During a mid-March visit to Montpelier, I found VPP legislators like Pollina making their presence felt under the gilded dome of the state capitol building, despite two-party dominance. In the 2012 legislative session, he has been promoting the idea of a state bank, a bill requiring Vermont to “hire and buy local” when contracting for state services, and a budget-related survey of poverty and income inequality.

On this particular mid-March day, Vermont labor lobbyists were trying to overcome Democratic reluctance to grant collective bargaining rights to publicly-funded “early childhood educators” who provide home day care. Hoping to secure more organizational endorsements and donations from public and private unions, the Vermont Progressive Party has strongly supported the American Federation of Teachers’ child-care organizing campaign.

In White River Junction and other communities, Windsor County Party Chair Liz Blum and several elected local VPP officials have been working with the Vermont Workers Center and local Occupy activists to fight contraction of the U.S. Postal Service, which would eliminate several hundred union jobs and adversely affect mail delivery in the state. Such nonelectoral activity on behalf of a key labor and community cause barely registers on the radar screen of Vermont Democrats.
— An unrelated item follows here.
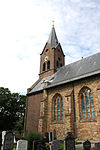 Wijnaldum - hervormde kerk-006.JPG -  Wijnaldum - PKN- Hervormde kerk - Tsjerkepaed 2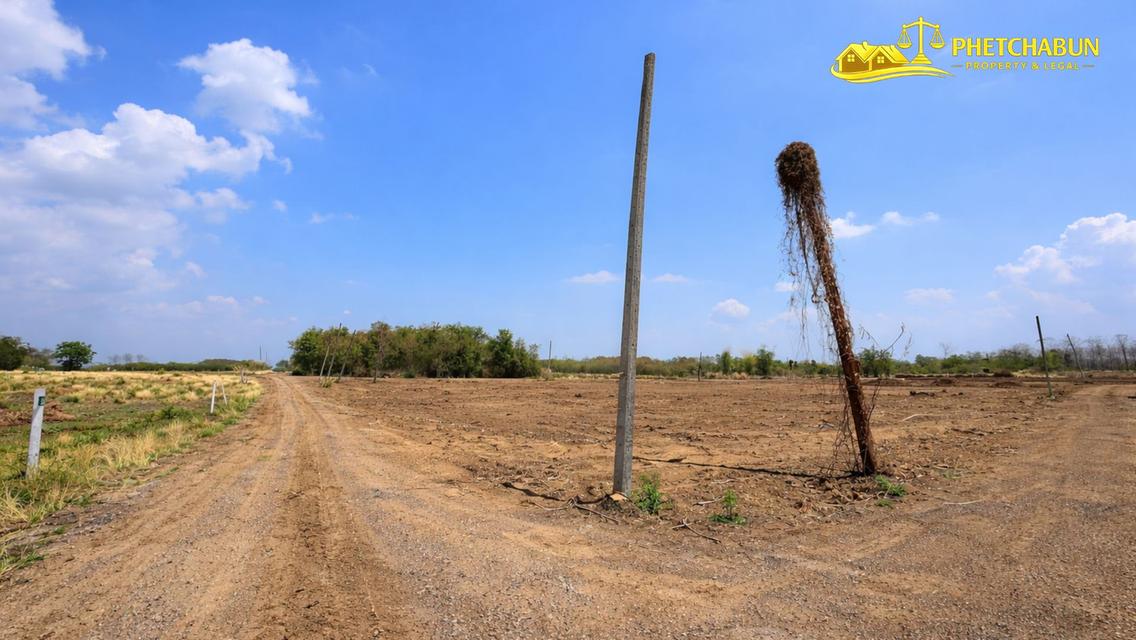 ที่ดินเงินผ่อน ต.วังชมภู อ.เมือง จ.เพชรบูรณ์ 6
Vermont State Labor Council Secretary-Treasurer Traven Leyshon, who also serves on the VPP’s state coordinating committee, says, “Local labor leaders are now willing to support Progressive candidates over Democrats–when they’re credible–because of such pro-labor stances.” In some cases, he said, rank-and-filers have had to overrule the safer, more conservative candidate endorsements favored by their own union lobbyists and political directors.

This small insurgency from below, in Vermont’s public sector-oriented labor movement, mirrors the VPP’s own trajectory in state politics. In a fashion that one hopes is not too exceptional, Progressives have moved from the margins to Montpelier, from also-ran status to a sometimes influential role in state and local government. If there was more Left partying like this going in other states, at least one of our two major political parties might feel greater pressure to better represent its own much neglected working class constituents. 

Steve Early is a labor journalist and lawyer who has written for numerous publications. He is the author of Embedded With Organized Labor: Journalistic Reflections on the Class War at Home and The Civil Wars in U.S. Labor. Excerpted from In These Times, a nonprofit and independent monthly newsmagazine committed to political and economic democracy.